INSTRUCTIONS FOR THE TASK: Only one span of the material below is wanted. Output it exactly, from the line with "Lyretail Hawkfish (Cyprinocirrhites" through the line with "Nikon D7200 sample", without any pictures.

THE INPUT:
--

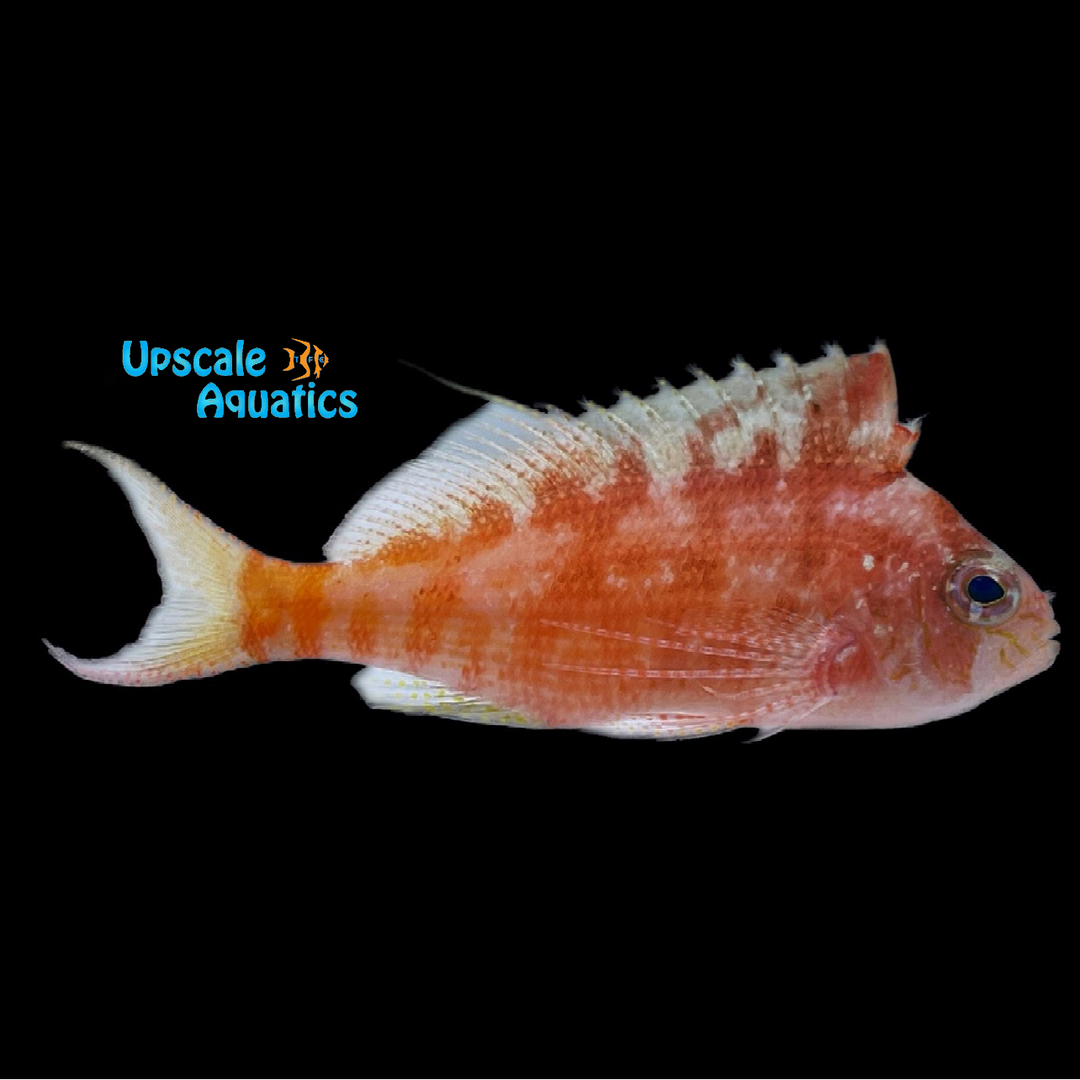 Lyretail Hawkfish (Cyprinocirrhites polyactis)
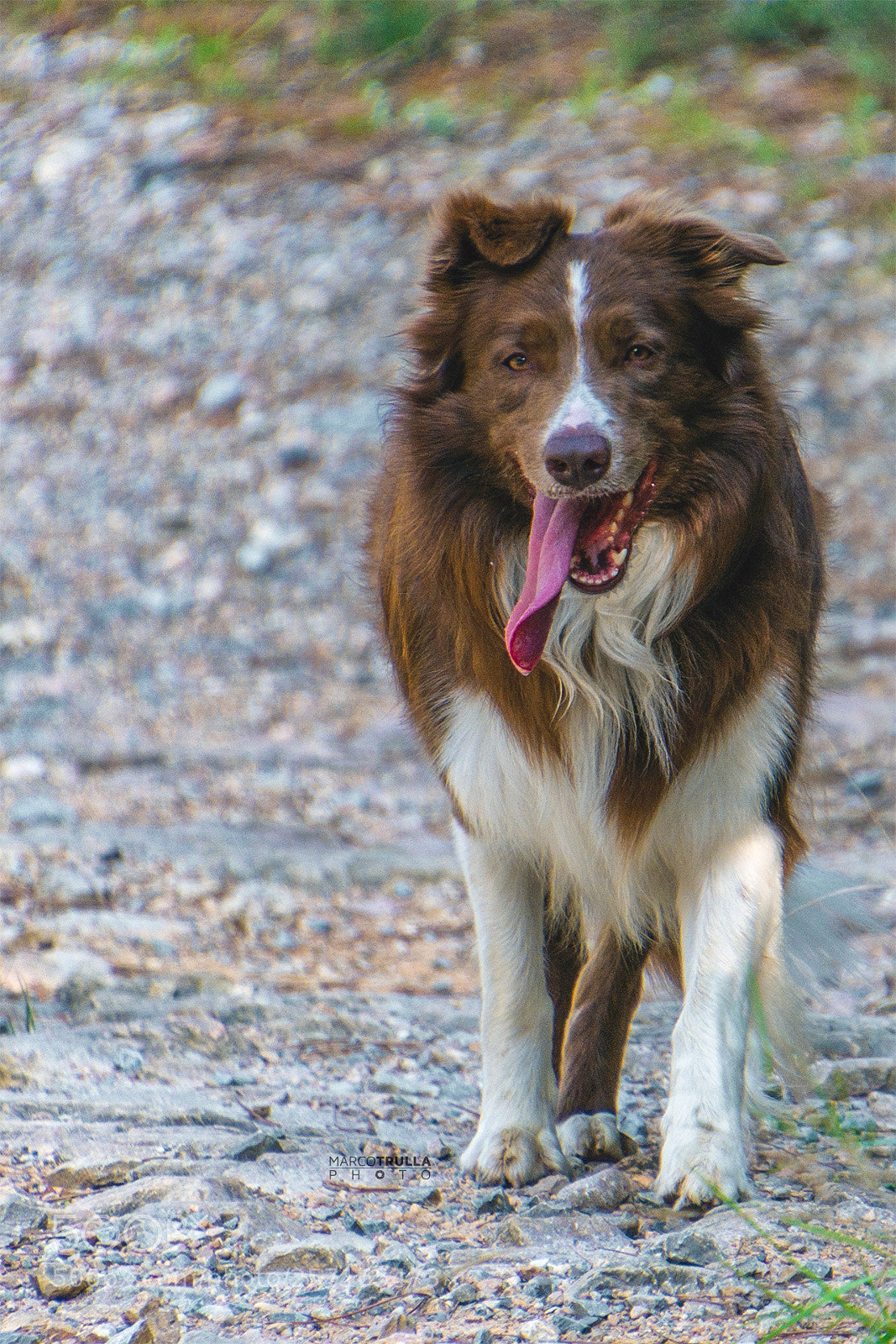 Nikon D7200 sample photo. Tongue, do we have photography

--

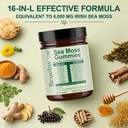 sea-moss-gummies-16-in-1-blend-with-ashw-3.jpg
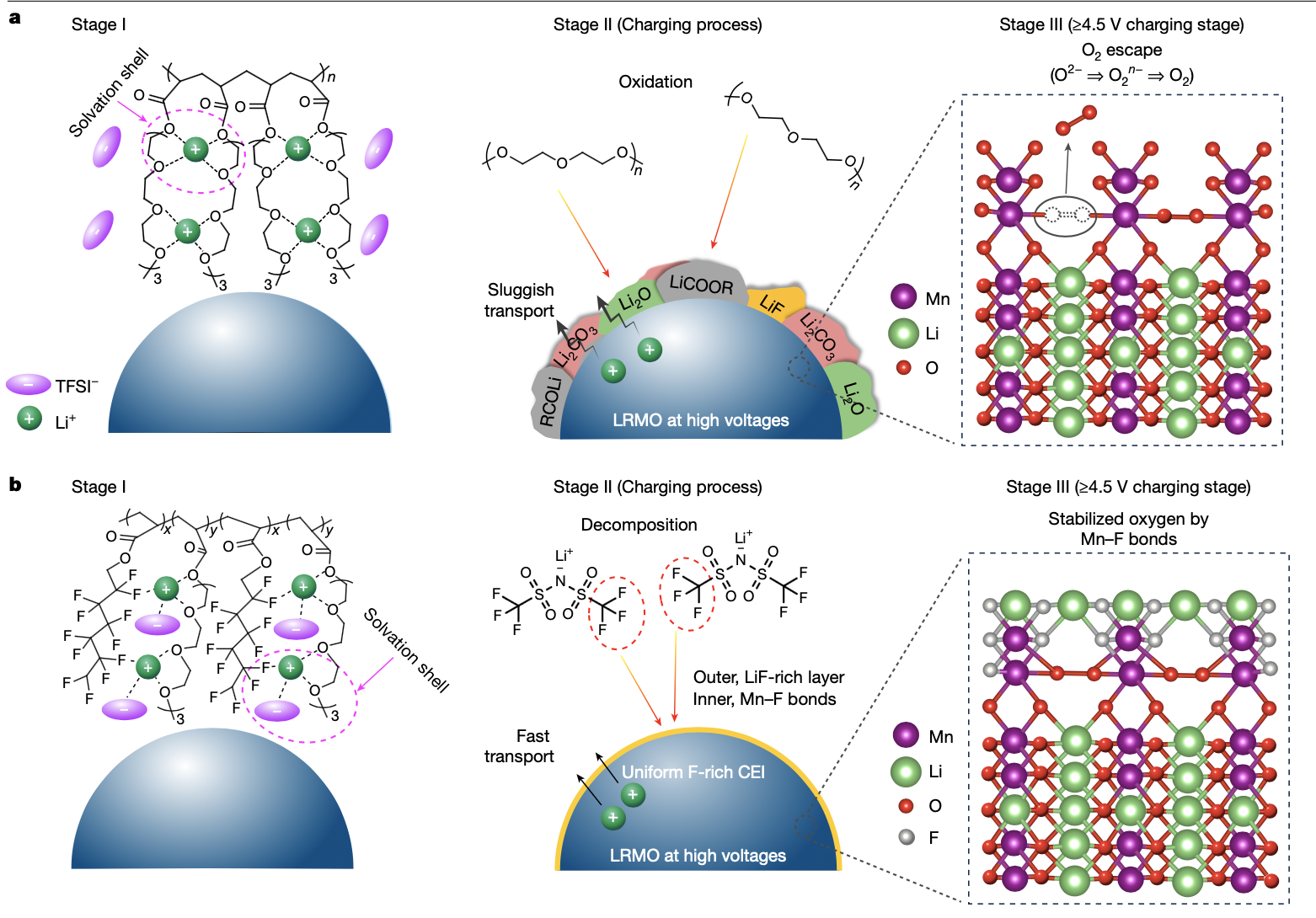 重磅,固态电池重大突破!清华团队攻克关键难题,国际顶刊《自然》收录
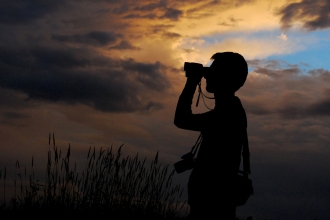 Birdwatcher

--

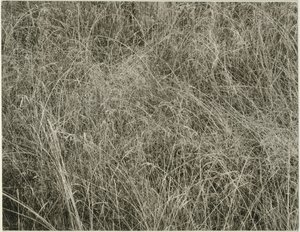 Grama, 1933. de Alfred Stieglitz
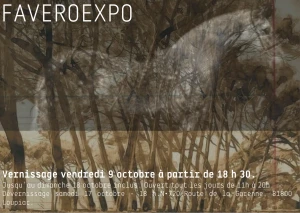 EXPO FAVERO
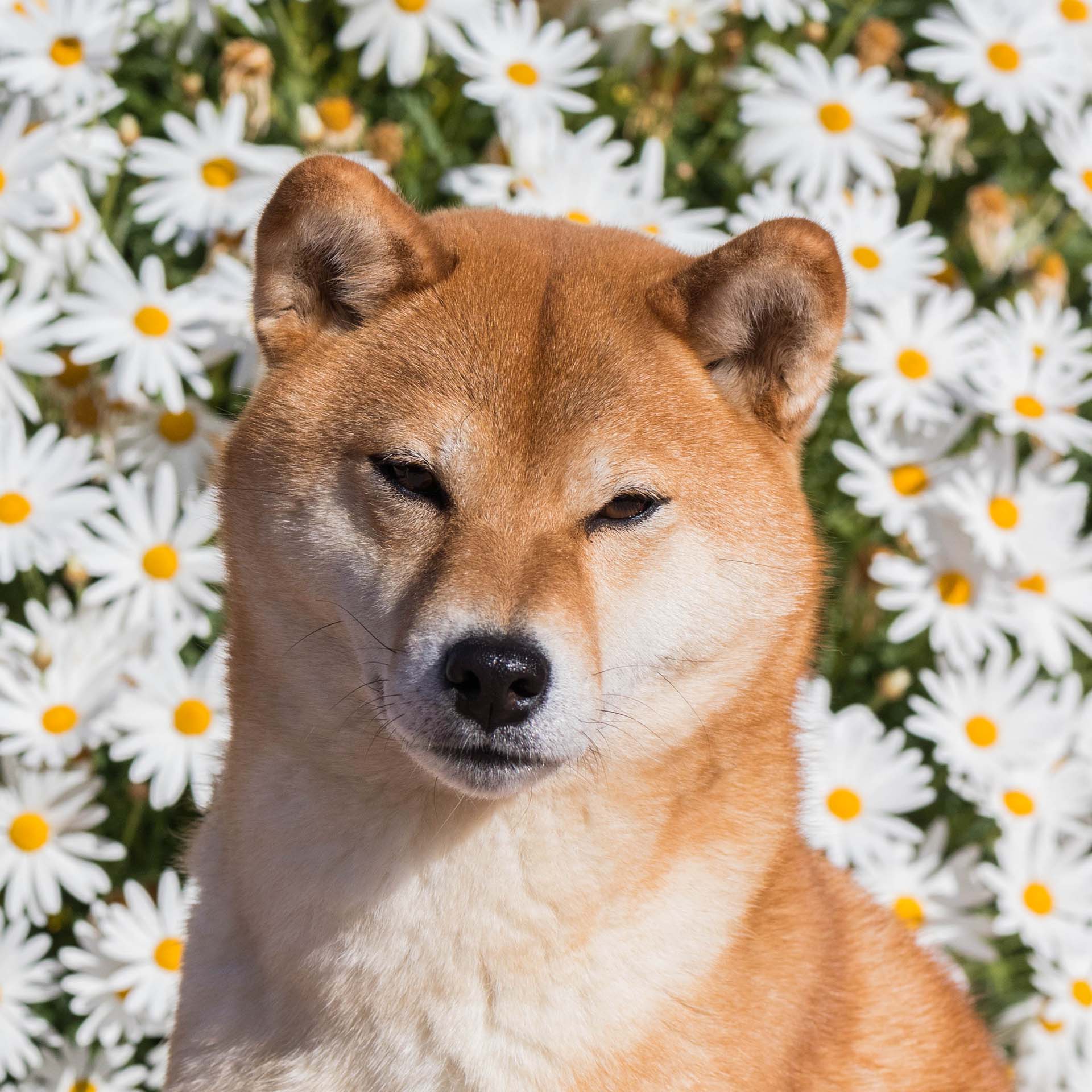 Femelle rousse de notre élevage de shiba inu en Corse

--

EXERCISE OUTPUT:
 Lyretail Hawkfish (Cyprinocirrhites polyactis)
 Nikon D7200 sample photo. Tongue, do we have photography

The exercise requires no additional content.